Avant de commencer, je dois avouer que j’étais assez nerveuse à l’idée de rencontrer d’autres membres du collectif car jusqu’ici, mon contact s’était limité à quelques rencontres avec José, Manolo et Mario et aux innumérables courriers qui ont surpassés notre distance physique. De plus, le fait d’avoir traduit quelques-unes des histoires de vie, de personnes que j’étais susceptible de rencontrer à la fête, était émouvant et préoccupant aussi parce que je ne voulais pas, qu’ils se sentent avoir été épié d’une certaine manière. J’avoue que lorsque je traduisais les histoires de personnes du collectif, j’avais parfois l’impression d’être en train d’observer la vie d’une personne par le trou de la serrure de la porte et pour cette raison, j’étais avide de rencontrer d’autres membres du collectif, pour faire disparaître la distance et sentir l’humanité que ne rend pas, à sa juste valeur, l’ordinateur.
C’est ainsi que lorsque j’ai frappé à la porte du local, encore fermée à l’heure des préparatifs et que Veronica, la fille de José Merino, m’a ouvert la porte avec son grand sourire accueillant, j’ai su que rien ne pouvait mal se passer et que très vite, je me sentirai comme une des leurs.
Effectivement, comme une des leurs, Manolo m'a invitée à prêter main-forte à la cuisine, pour préparer les pinchos de jambon et de tortilla espagnole, tout en goûtant, encore et encore la sangria de cidre jusqu'à ce qu'elle soit tout simplement parfaite. Et ainsi, presque sans me rendre compte, j'ai connu d'autres amis du collectif qui eux aussi aidaient dans les préparatifs et ceux-là que, peu à peu arrivaient et passassent par la cuisine saluer. Depuis le premier instant j'ai senti l'affection de tous ceux avec qui je faisais connaissance et avec qui j'échangeais mes premiers mots et sans à peine me rendre compte la salle se remplissait des gens, la sangria était au point, los chorizos à au cidre prêt pour manger et le discours de Manolo annonça le début de la soirée.
Je ne peux manquer de parler de l’instant embarrassant que m’a fait vivre Manolo lorsqu’il m’a appelée pour me remercier publiquement, pour la traduction du contenu du site web. J’espère que personne ne l’aura remarqué mais je sentais mes joues rougir et je ne savais pas vraiment où regarder. Ceci étant dit, la fin du discours qui termina avec l’annonce de l’approbation du budget pour le projet, marquait le début des festivités, du brouhaha des bavardages et de l’agitation autour des plateaux de pinchos qui arrivaient tout droit de la cuisine. C’est ainsi que j’ai pu m’approcher et parler plus attentivement avec d’autres amis et commencer à vous connaître un peu plus. Je tiens aussi à m’excuser pour ne pas avoir eu le temps de parler avec tout le monde et pouvoir faire connaissance avec vous tous mais ce n’est que partie remise, j’en suis convaincue. Je tiens aussi, à tous vous remercier pour l’accueil et l’amour que vous avez manifestés et qui m’ont fait me sentir comme une des vôtres.

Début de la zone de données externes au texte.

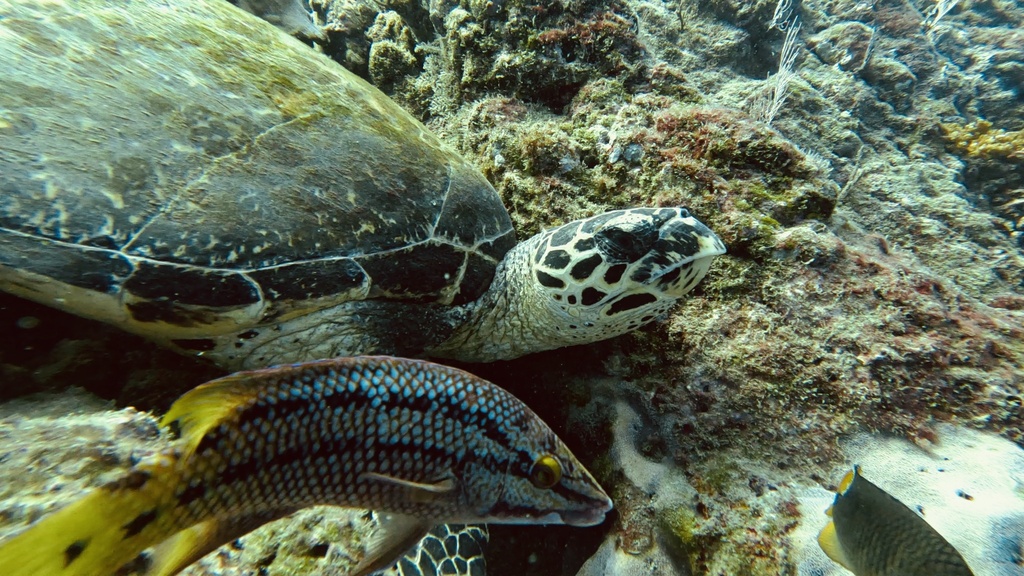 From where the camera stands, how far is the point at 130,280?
125 centimetres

Alicia Alted, dans son livre La voix des vaincus. L’exil républicain de 1939 reprend les paroles que le philisophe Adolfo Vázquez a écrites en 1977, par respect pour la condition de l’exilé et qui me paraissent très appropriées pour décrire l’ambiance vécue à la réunion du collectif Generación Lorca : "et donc l’exilé découvre avec stupeur d’abord, avec douleur ensuite et avec une certaine ironie plus tard (…), que le temps n’a pas passé impunément et tant s’il revient comme s’il ne revient pas, il ne cessera jamais d’être un exilé (Son être sera toujours scindé) et cette scission, il pourra toujours la sentir comme une addition de pertes, de désillusions et de désespérances mais aussi, et pourquoi pas, comme l’addition de deux racines, de deux terres, de deux espérances. Le déterminant est d’être fidèle, ici ou là-bas, à ce qui un jour l’a chassé à l’exil. Le déterminant n’est pas d’être ici ou là-bas mais plutôt comment on s’y sent".
La rencontre de vendredi dernier reflète à la perfection l’idée de comment est le Collectif Generación Lorca et de la fidélité qu’il démontre à ses valeurs et principes, malgré le temps écoulé et l’évolution personnelle de ses membres. La mémoire, le non-oubli et la volonté de se souvenir parce que les différentes vies qui façonnent Generación Lorca ont été différentes, nous font comprendre la cohérence d’un projet comme celui-ci et que, malgré tout, l’important est comment on s’y sent (En Espagne ou en Belgique) car c’est la manière de continuer à être soi-même.